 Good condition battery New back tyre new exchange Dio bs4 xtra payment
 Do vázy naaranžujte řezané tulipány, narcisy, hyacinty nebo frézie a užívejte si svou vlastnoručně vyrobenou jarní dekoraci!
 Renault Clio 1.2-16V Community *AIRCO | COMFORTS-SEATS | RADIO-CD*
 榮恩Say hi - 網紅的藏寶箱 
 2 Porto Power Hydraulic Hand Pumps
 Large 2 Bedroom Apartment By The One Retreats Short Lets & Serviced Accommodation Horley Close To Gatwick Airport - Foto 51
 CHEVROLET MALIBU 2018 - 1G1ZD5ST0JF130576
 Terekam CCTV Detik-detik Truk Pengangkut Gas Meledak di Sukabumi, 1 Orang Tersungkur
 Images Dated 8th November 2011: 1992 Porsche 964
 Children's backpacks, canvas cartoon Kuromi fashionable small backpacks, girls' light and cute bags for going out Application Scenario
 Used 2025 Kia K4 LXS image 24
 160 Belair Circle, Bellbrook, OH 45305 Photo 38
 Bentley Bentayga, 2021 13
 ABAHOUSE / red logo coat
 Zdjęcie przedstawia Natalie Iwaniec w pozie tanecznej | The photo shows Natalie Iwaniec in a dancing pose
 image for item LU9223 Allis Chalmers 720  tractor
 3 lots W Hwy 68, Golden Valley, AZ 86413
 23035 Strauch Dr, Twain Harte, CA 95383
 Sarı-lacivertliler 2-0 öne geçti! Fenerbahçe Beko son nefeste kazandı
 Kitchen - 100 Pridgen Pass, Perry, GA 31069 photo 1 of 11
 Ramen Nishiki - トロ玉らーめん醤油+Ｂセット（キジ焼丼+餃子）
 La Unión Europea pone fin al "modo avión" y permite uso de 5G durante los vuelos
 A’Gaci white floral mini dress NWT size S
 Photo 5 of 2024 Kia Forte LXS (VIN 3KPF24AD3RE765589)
* * * * * * *
### Problem details
Reproducing the whole listing above is not the task. Copy exactly only the lines from the one with "Used 2025 Kia K4 LXS image 24" to the one with "Kitchen - 100", both kept.

### Answer space
 Used 2025 Kia K4 LXS image 24
 160 Belair Circle, Bellbrook, OH 45305 Photo 38
 Bentley Bentayga, 2021 13
 ABAHOUSE / red logo coat
 Zdjęcie przedstawia Natalie Iwaniec w pozie tanecznej | The photo shows Natalie Iwaniec in a dancing pose
 image for item LU9223 Allis Chalmers 720  tractor
 3 lots W Hwy 68, Golden Valley, AZ 86413
 23035 Strauch Dr, Twain Harte, CA 95383
 Sarı-lacivertliler 2-0 öne geçti! Fenerbahçe Beko son nefeste kazandı
 Kitchen - 100 Pridgen Pass, Perry, GA 31069 photo 1 of 11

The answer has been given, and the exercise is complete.